The section we played came roughly 3 or 4 hours into the game, opening during a lull from the pair’s seemingly endless flight. They now have a more direct purpose of trying to head further south through France and to try and find an island with two peaks. It’s a location that presents itself as a vision to Hugo, who proceeds to go all Close Encounters and make his island out of mashed potato… wait, I mean mud.
Meandering through picturesque fields, there’s more of the kinds of interactions that helped make Innocence special. Hugo’s an incessant worrier, whether it’s about the progress of their allies and former companions to find and meet them later, or for the brutal-looking head wound that Amicia is now sporting since earlier on in the game. Still, there’s opportunity for childlike playfulness, like spotting a pretty bird feather and starting a collection – everyone loves obscure collectables in games, right?
It doesn’t take long, before stumbling across a Christian pilgrim town situated around a ruined church, and through one stroke of good and bad luck after another, you’re suddenly desperately on the run once more, making your way through a more Mediterranean-feeling quarry that’s swarming with patrolling soldiers.
In A Plague Tale: Innocence, this would have led to a purely stealthy approach, but Requiem has handed Amicia a number of ways to strike back when cornered. She now has a melee counter attack – though if you’re caught, enemies love to headbutt her in a way that’s surely not doing her splitting headache any good. At the same time, she also has a crossbow that can be used for near-silent takedowns from range.
Combine that with the slingshot, throwables and crafting tools from the first game, and you’ve got plenty of options available to you. Some direct confrontations toward the end of the chapter had me combining the throwable smoke bombs for misdirection, sling for hitting weak spots to remove armour and then flammable tar with ignifer to burn enemies alive. There’s a real ruthless streak that continues on from the last game.

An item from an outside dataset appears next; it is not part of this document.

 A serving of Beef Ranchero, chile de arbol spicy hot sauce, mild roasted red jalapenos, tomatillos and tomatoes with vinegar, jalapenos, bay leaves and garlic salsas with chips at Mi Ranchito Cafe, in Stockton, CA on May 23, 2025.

Where the natural instinct is to try and shelter Hugo from the brutality that surrounds him and Amicia, the game forces you to engage more deeply with his ratty abilities. Aiding your ability to sneak through different areas, he can now kind of commune with the rat swarms that are seemingly everywhere, using their rat vision to highlight patrolling enemies that you might evade them more easily – truth be told, I was still quite content to brute force my way through some areas with a mad dash to the door to the next room.

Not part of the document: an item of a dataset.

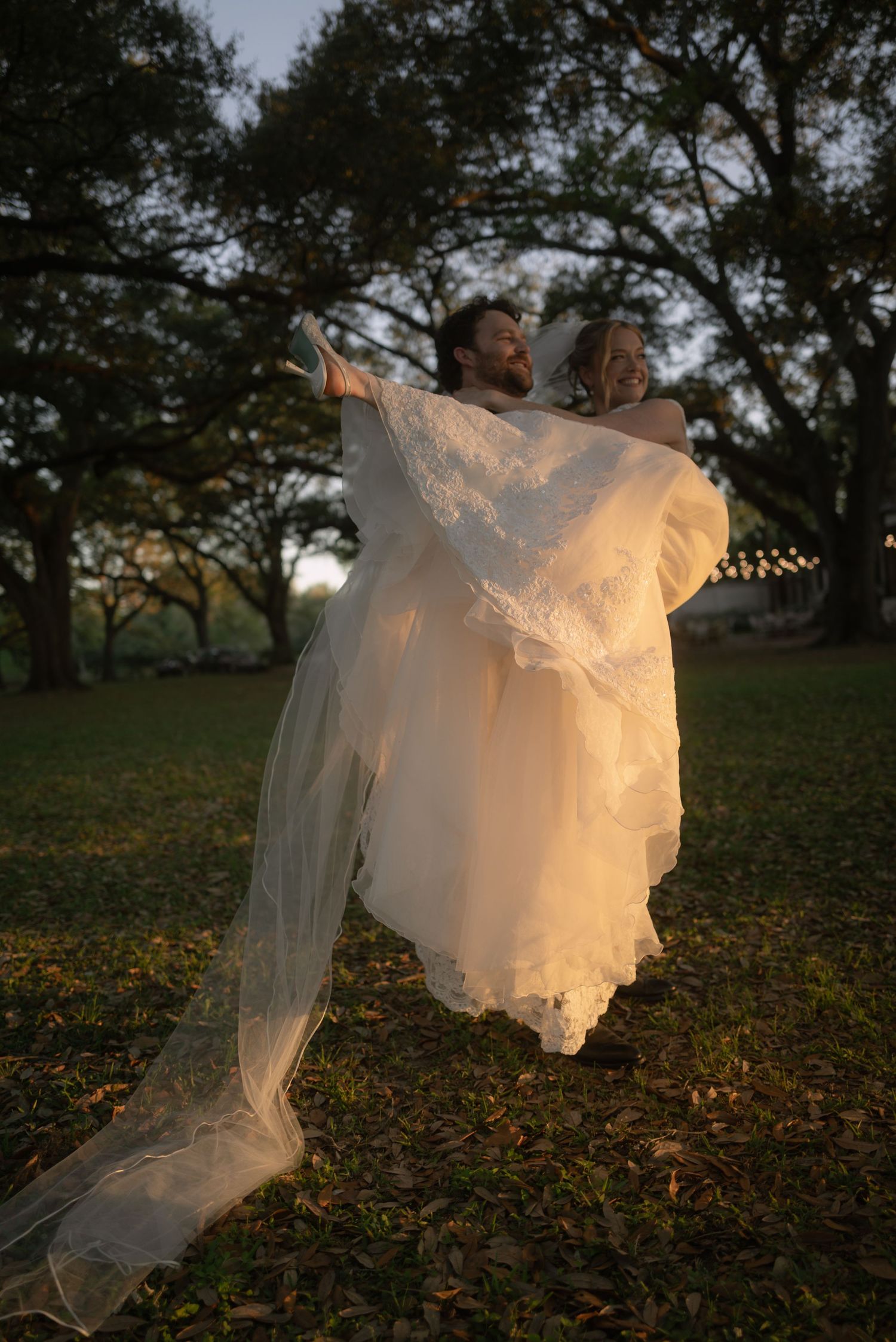 Groom lifting bride in white gown outdoors under oak trees at golden hour during wedding celebration.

However, it’s another moment of desperation that pushes Hugo to use his abilities more than ever before. With the exertion and stress seeing Amicia collapse unconscious just as soldiers wander into at the other end of a large barn, Hugo’s panic sees him reaching out and actually taking control of the rat swarm, able to rush across the ground, clamber up walls and devour the hapless soldiers.
It comes into play in a later scenario as well, now presenting another option within your stealthy arsenal to find a pool of rats, take control and then race around the area turning people into piles of bones. I don’t know if there’s an in-game morality system that will hinge on this, but there’s my own in-human morality system that makes me probably not want to do this too often – apparently I’m totally fine with burning video game bad guys to death, though.
The challenge, of course, is that just as the game’s environmental puzzling often relies on creating pools of light and using torches to keep enemies at bay, you can’t use the insatiable piranha-like rats on guards tucked within bright patches either. You’ll need to combine it with Amicia’s abilities to snuff out light sources and misdirection before then turning to the rats to finish the job.
There’s a devilish darkness to A Plague Tale: Requiem that challenges our two protagonists on even deeper levels than before, but also you as a player. Will you take the “easy” route and rely on the rats to get you through? Will you try to preserve Amicia and Hugo’s conscience by trying to do only what’s strictly necessary? We’re a little over a month away from release in October before you can decide for yourself.